# Job with IAT, in Abu Dhabi



## EnglishTeacher (Mar 15, 2015)

Hi, 

I am due to start teaching in Abu Dhabi August 2015. I have only just received an initial offer and am still waiting for the final contract. 

I wanted to know if anyone had any tips in terms of finding accommodation and what areas in Abu Dhabi were safest/had good quality housing? The school I have an offer at is located in Mohammed Bin Zayed City. How practical is it to think that we can take public transport to work on a daily basis initially? 

Any help would be appreciated.


----------



## rsinner (Feb 3, 2009)

Will the school not provide housing? Most of them do.
Public transport connectivity is not good at all locations (and seeing the link below i realise there may be nothing in MBZ). 
Abu Dhabi Region Bus Services
You may have to use taxis, but taxis may not be that easy to get hold of in MBZ.


----------



## EnglishTeacher (Mar 15, 2015)

No the school are giving housing allowance instead. 
Yeah I can see that. Do you live out there? 
What areas would you say are safest/closest to local amenities? 
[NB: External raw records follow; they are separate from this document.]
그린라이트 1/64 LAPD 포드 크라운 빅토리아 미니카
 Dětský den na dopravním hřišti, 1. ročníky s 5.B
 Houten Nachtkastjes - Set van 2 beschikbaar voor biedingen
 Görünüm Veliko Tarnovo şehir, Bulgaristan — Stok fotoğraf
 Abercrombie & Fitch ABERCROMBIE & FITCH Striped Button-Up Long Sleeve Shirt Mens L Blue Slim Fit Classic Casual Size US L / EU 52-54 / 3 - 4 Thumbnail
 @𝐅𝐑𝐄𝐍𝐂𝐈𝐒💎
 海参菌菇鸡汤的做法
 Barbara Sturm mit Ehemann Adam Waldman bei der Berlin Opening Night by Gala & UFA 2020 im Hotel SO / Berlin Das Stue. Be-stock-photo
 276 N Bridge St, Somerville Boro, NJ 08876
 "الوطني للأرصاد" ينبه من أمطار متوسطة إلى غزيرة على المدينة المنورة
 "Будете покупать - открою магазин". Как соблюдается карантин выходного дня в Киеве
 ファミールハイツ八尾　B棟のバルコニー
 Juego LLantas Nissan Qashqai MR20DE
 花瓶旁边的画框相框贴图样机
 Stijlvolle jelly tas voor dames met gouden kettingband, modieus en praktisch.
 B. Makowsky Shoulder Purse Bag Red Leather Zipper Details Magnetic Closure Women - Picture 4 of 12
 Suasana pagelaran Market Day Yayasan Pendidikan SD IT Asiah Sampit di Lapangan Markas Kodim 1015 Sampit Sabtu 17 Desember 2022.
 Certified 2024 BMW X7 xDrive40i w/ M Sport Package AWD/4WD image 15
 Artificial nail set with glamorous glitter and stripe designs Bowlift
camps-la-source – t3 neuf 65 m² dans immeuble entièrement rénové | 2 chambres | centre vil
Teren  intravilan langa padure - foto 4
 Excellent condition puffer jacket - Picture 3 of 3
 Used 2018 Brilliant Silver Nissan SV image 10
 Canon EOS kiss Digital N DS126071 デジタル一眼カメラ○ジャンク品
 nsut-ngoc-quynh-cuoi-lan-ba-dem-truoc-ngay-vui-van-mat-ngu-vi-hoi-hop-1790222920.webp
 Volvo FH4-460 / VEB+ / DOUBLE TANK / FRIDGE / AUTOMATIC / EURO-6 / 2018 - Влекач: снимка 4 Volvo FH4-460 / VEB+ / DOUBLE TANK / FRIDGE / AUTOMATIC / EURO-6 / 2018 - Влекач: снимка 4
How practical is hiring/buying a second hand car?


----------



## Deefor (May 29, 2011)

There is a live thread on car hire - something small you're looking at around 17-1800aed a month and hertz often have deals for teachers. MBZ is an 'upcoming' area and probably not a first choice for many at the moment....
Won't your school put you in a hotel for the first month or so to allow you to find somewhere close to your colleagues? You don't want to be somewhere when most people are somewhere else.


----------



## Jameel137 (Apr 10, 2015)

Hi

I've been offered a position at the IAT Abu Dhabi campus. I accepted the initial offer at the end of February but yet still haven't had a contract through... Any idea how long it takes?? Do I have anything to worry about?? Getting anxious as my current school in the uk need my notice..


----------



## Paul Garcia (Apr 11, 2015)

I believe that the school year will start on mid August. We are in the same boat. Accepted the initial offer on early March and still waiting for the final contract. I am here in Saudi and I believe things don't happen that quickly in GCC countries but they will definitely process everything. Since the school year ends in June, I think we should expect that final contract this May or early June.


----------



## Jameel137 (Apr 10, 2015)

Cheers Paul,

My problem is handing notice at my current school. On one hand IAT has said don't resign until you receive the contract but at the same time they have said I'm guaranteed a position in Abu Dhabi so very confusing... Also struggling with kids schools. :-(


----------



## Paul Garcia (Apr 11, 2015)

Hello,

My problem also. I'm really hoping they would send the formal contract early to us. I think I have received the same e-mail informing not to resign but they have said the assigned campus. In my case, I would be assigned in Madinat Zayed.


----------



## Jameel137 (Apr 10, 2015)

Yes same here... Fingers crossed all goes well. Who were you recruited by? I was recruited by an agency called intelligent partners... They said I should receive the contract early April and speaking to them last week they said it should b with them within the week, but nothing so far


----------



## Paul Garcia (Apr 11, 2015)

I was recruited by international teacher plus. I tried to talk to some Filipino lecturers who are already working in IAT Fatima College and they informed me that they have waited for at least a month before receiving the final contract. As far as I remember the agent of the recruitment agency also told me that there would be a spring vacation within this month and the start of their classes there is today. I think it contributed to the processing of our documents.


----------



## Jameel137 (Apr 10, 2015)

Anyone received a contract from IAT yet?


----------



## Paul Garcia (Apr 11, 2015)

Updated my agency, no news so far as to the final contract


----------



## MrsConnolly (Mar 1, 2016)

Jameel137 said:


> Cheers Paul,
> 
> My problem is handing notice at my current school. On one hand IAT has said don't resign until you receive the contract but at the same time they have said I'm guaranteed a position in Abu Dhabi so very confusing... Also struggling with kids schools. :-(


Hi
I am just wondering how you got on after this? I am also hoping to make the move in August with my 3 kids! Any info at all would be greatly appreciated!


----------